In Switzerland, there is a current trend for professional tranquility and particularly so in the world of architecture where architects prefer to satisfy their commissions in studied silence. Everything is in the doing and doing as perfectly as possible. All is in how to answer properly, more than in the question itself. Open discussions on any kind of commitment are simply inexistent. Restricting the culture of architecture to the construction of buildings, however, interesting and innovating the project might be, is to limit the field of their discipline.
Architecture has always been about the projection of spaces, whether these might be built or just imagined. If a broader way of embracing the practice is to be admitted, their architect’s position vis-à-vis society and questions of politic could emerge in a smoother way.
The emblematic figure of Claude Parent shows us the difficulties the architect faces when confronted with the power of the establishment. Designing both sculptural experiments with André Bloc, practicing ‘architectures-principle’ with Paul Virilio and the construction of nuclear power stations, the architect’s work is eponymous of the complexity of the subject.
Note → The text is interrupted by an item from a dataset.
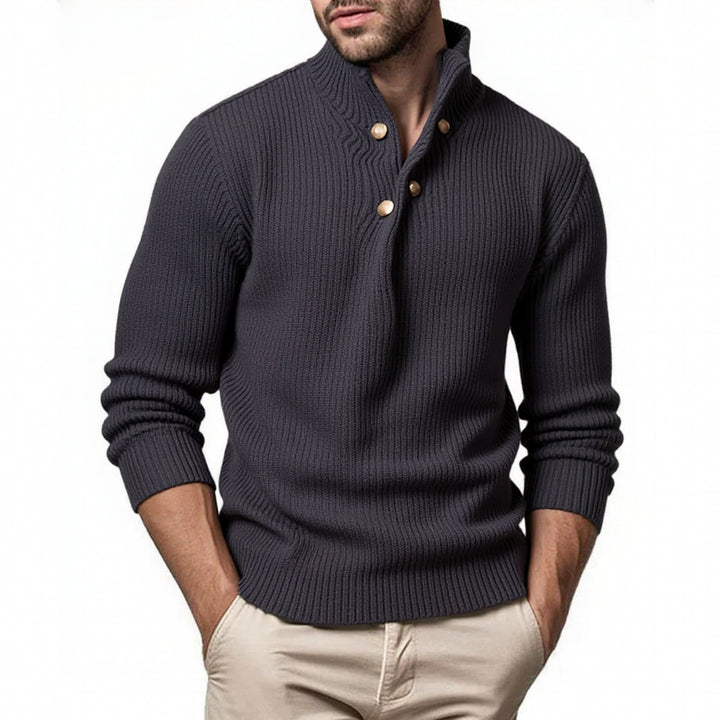 Herren modischer Strickpullover mit Stehkragen und asymmetrischer Knopfleiste Echoarchiv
When it comes to approaching ethically questionable commissions the interrogation is not simply whether an architect is to build, or not, a prison, or whether he or she is right in accepting such a project, but rather how, through his architectural skills and tools, create a zone where debate can arise. Architecture must not shy away from the essential questions regarding institutions as powerful, violent and determining as a jailhouse and even more so in a period of global over-crowding.
Somewhere Between the area of scientific experimentation and the socio-psychological tests carried out byStanley Milgram or Philip Zimbardo in the 1970’s, PAROLEis a proposal to open the debate of commitment in the field of architecture. Using a partial reproduction of the Geneva prison of Champ-Dollon, today known for its maximum occupancy ratios, adapted precisely to the scale of laboratory mice (1:24), PAROLE is an attempt demonstrates how architecture can seize to the question in hand.
In the tradition of sculptural architecture as defined by Michel Ragon in the sixties, formal experiments can be utilized in order to reveal engagement in the face of social and political issues of any historical time. PAROLE is a symbolical object that defines itself along the borders of art culture, architectural models, and a constrained living space: the cage.
The fragility of its architecture is a reflection of the precarious situation of a profession sitting uneasily between cultural and historical roots and the inevitable search for power and control, between the architect-builder and the utopist one systematically refusing the system.
A small booklet presenting newspaper cuts from the past years accompanied the exhibited object.